Stored items
^^^^^^^^
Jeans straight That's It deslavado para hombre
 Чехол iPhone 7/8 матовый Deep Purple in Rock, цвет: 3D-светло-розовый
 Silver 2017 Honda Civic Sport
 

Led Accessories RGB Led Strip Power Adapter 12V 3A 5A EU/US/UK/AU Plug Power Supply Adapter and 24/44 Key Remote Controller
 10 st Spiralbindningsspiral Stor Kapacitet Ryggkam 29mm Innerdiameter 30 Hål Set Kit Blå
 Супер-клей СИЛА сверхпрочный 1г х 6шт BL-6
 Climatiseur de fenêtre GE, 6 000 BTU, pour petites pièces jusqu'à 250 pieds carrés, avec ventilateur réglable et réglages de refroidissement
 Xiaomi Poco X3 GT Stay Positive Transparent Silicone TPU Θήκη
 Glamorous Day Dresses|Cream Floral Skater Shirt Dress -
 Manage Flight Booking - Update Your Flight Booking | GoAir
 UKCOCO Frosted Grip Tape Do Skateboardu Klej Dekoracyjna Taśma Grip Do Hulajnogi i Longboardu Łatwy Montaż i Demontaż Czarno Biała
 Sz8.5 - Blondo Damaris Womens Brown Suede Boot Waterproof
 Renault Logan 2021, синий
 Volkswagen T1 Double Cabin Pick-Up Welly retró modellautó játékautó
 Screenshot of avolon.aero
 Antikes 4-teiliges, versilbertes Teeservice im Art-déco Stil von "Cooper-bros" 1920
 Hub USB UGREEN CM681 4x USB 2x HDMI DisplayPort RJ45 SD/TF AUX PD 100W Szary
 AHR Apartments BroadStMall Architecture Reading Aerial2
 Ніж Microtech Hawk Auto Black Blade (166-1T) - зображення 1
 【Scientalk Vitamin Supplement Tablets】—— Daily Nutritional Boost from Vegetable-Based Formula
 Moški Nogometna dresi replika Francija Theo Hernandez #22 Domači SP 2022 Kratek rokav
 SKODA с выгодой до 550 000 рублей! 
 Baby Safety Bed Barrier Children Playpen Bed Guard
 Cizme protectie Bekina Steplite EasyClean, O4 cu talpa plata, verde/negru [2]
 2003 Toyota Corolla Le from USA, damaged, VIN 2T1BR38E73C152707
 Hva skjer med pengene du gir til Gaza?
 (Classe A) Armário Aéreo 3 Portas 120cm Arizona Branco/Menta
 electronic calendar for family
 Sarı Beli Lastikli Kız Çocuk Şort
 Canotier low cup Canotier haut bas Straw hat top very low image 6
^^^^^^^^
Required action => Every record above is to be copied out again exactly as written.

Solution to this task =>
Jeans straight That's It deslavado para hombre
 Чехол iPhone 7/8 матовый Deep Purple in Rock, цвет: 3D-светло-розовый
 Silver 2017 Honda Civic Sport
 

Led Accessories RGB Led Strip Power Adapter 12V 3A 5A EU/US/UK/AU Plug Power Supply Adapter and 24/44 Key Remote Controller
 10 st Spiralbindningsspiral Stor Kapacitet Ryggkam 29mm Innerdiameter 30 Hål Set Kit Blå
 Супер-клей СИЛА сверхпрочный 1г х 6шт BL-6
 Climatiseur de fenêtre GE, 6 000 BTU, pour petites pièces jusqu'à 250 pieds carrés, avec ventilateur réglable et réglages de refroidissement
 Xiaomi Poco X3 GT Stay Positive Transparent Silicone TPU Θήκη
 Glamorous Day Dresses|Cream Floral Skater Shirt Dress -
 Manage Flight Booking - Update Your Flight Booking | GoAir
 UKCOCO Frosted Grip Tape Do Skateboardu Klej Dekoracyjna Taśma Grip Do Hulajnogi i Longboardu Łatwy Montaż i Demontaż Czarno Biała
 Sz8.5 - Blondo Damaris Womens Brown Suede Boot Waterproof
 Renault Logan 2021, синий
 Volkswagen T1 Double Cabin Pick-Up Welly retró modellautó játékautó
 Screenshot of avolon.aero
 Antikes 4-teiliges, versilbertes Teeservice im Art-déco Stil von "Cooper-bros" 1920
 Hub USB UGREEN CM681 4x USB 2x HDMI DisplayPort RJ45 SD/TF AUX PD 100W Szary
 AHR Apartments BroadStMall Architecture Reading Aerial2
 Ніж Microtech Hawk Auto Black Blade (166-1T) - зображення 1
 【Scientalk Vitamin Supplement Tablets】—— Daily Nutritional Boost from Vegetable-Based Formula
 Moški Nogometna dresi replika Francija Theo Hernandez #22 Domači SP 2022 Kratek rokav
 SKODA с выгодой до 550 000 рублей! 
 Baby Safety Bed Barrier Children Playpen Bed Guard
 Cizme protectie Bekina Steplite EasyClean, O4 cu talpa plata, verde/negru [2]
 2003 Toyota Corolla Le from USA, damaged, VIN 2T1BR38E73C152707
 Hva skjer med pengene du gir til Gaza?
 (Classe A) Armário Aéreo 3 Portas 120cm Arizona Branco/Menta
 electronic calendar for family
 Sarı Beli Lastikli Kız Çocuk Şort
 Canotier low cup Canotier haut bas Straw hat top very low image 6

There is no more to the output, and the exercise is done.